Jordan Monsour also served as legal representative for the proposed Circa 1857 redevelopment project on Government Street, which was slated to receive more than $8 million in New Market Tax Credits. However, that project lost financing, so no public funds were ever allocated.
This is the second time the issue of a possible ethical conflict has arisen for the father and son.
When Walter Monsour worked for Mayor-President Kip Holden as the mayor’s chief administrative officer, the Ethics Board approved a “disqualification plan” that allowed Jordan Monsour to represent clients doing work with the city-parish as long as his father did not participate in matters.
Redevelopment Authority officials, their legal counsel and Butler Snow representatives ultimately decided that applying the same protocols would resolve potential ethics issues.
Jordan Monsour noted that he is not compensated based on commission or “anything tied to client generation,” so there’s no direct financial gain for representing clients working with the Redevelopment Authority. He also pointed out that the Redevelopment Authority has its own legal counsel in the Jones Walker law firm.

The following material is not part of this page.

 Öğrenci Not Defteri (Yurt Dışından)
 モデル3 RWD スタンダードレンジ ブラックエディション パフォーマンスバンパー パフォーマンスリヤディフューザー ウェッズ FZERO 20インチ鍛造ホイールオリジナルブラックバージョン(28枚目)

Jordan Monsour said both his former law firm, where he was employed at the time, and Butler Snow applied for the contract and lost to Jones Walker, illustrating the absence of favoritism.
Jordan Monsour said the legal field dealing with tax credits is highly specialized and there is a smaller pool of attorneys to choose from who offer expertise in that arena which makes it hard for him to avoid crossing paths with his father’s public business dealings.
The Redevelopment Authority has been in the hot seat in recent weeks, after Walter Monsour and the board announced that the agency is out of money and would seek $3 million in recurring funds from the city-parish.
Holden, who has been critical of the elder Monsour for not effectively and efficiently running the RDA, has said he will not include funds in the 2015 budget for the agency.
The East Baton Rouge Parish Metro Council could reassign the money in Holden’s proposed budget, but doing so would require a super majority vote of the council at its December budget meeting.